El punto culminante de prácticamente todas las convenciones políticas es el discurso de aceptación del candidato presidencial. De pie en un salón ante una audiencia entusiasmada y millones más mirando desde casa, un presidente potencial tiene una oportunidad sin obstáculos de defender su candidatura.
Pero este año es diferente.
El puro dramatismo del discurso del lunes del presidente Joe Biden, tras su decisión de hacerse a un lado y ceder la nominación a la vicepresidenta Kamala Harris tras semanas de creciente presión, no se parecerá a nada jamás visto. Su partido es eléctrico y tiene una sensación de posibilidad y esperanza. El billete va ganando terreno en las encuestas. En cualquier otra convención de la historia, sería un momento triunfal para el presidente. Pero cada aplauso que escuche Biden, cada sonrisa que vea, cada puño levantado en celebración expresará entusiasmo por un futuro político sin él.
Es una extraña inversión de una convención típica, llena de emociones encontradas para el hablante. Cuanto más felices se ven los demócratas en Chicago, más orgulloso debe estar Biden y más debe doler.
Considere lo que podría estar pasando por su mente. Llegó a la presidencia con el agradecimiento de los demócratas, tras haber depuesto al expresidente Donald Trump de la Casa Blanca. Llega a Chicago como el primer presidente desde Chester Arthur al que se le niega la nominación de su partido para un segundo mandato. (El presidente Lyndon Johnson renunció en 1968 ante una amenaza a su nominación, pero nunca participó formalmente en la contienda).

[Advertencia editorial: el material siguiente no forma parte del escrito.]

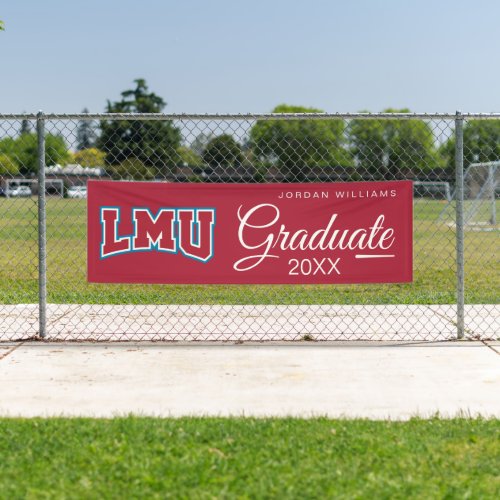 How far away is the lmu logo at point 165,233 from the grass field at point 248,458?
8.47ft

Sabe que las próximas noches lo seguirán los dos últimos presidentes demócratas, ambos vencedores en dos mandatos, ambos dotados de habilidades de oratoria que él simplemente no posee, y ambos participaron en la campaña para sacarlo de la candidatura. También sabe que son figuras mucho más populares, a pesar de que tanto Bill Clinton como Barack Obama presidieron desastres de mitad de período, mientras que bajo la dirección de Biden, los demócratas tuvieron su mejor mitad de período con un demócrata en la Casa Blanca desde FDR.
Será recibido con ovaciones de los delegados, que casi todos votaron por él en las primarias. Pero muchos de los aplausos provendrán de una sensación de alivio de que el partido no tenga que marchar hasta noviembre detrás de su estándar. Biden debe sentir la gran celebración que recibió a su reemplazo, incluso si va acompañada de agradecimiento por su sacrificio, como una especie de herida.
Es un marcado contraste con la forma en que normalmente se saluda a los presidentes salientes en una convención. Pensemos en Ronald Reagan, Clinton y Obama, cada uno de los cuales fue recibido en la convención por delegados adoradores. (George W. Bush, por el contrario, fue tan impopular en 2008 que la convención utilizó la excusa de la amenaza de un huracán para cancelar la noche en que se suponía que debía hablar;
Sin lugar a dudas, habrá muchos en el salón que celebrarán una impresionante variedad de victorias legislativas, que los demócratas lograron a pesar de los estrechos márgenes del partido en el Congreso. También habrá algunos, como la exasesora Anita Dunn, que culparán a la prensa y a los miembros del partido de la decisión de Biden de hacerse a un lado.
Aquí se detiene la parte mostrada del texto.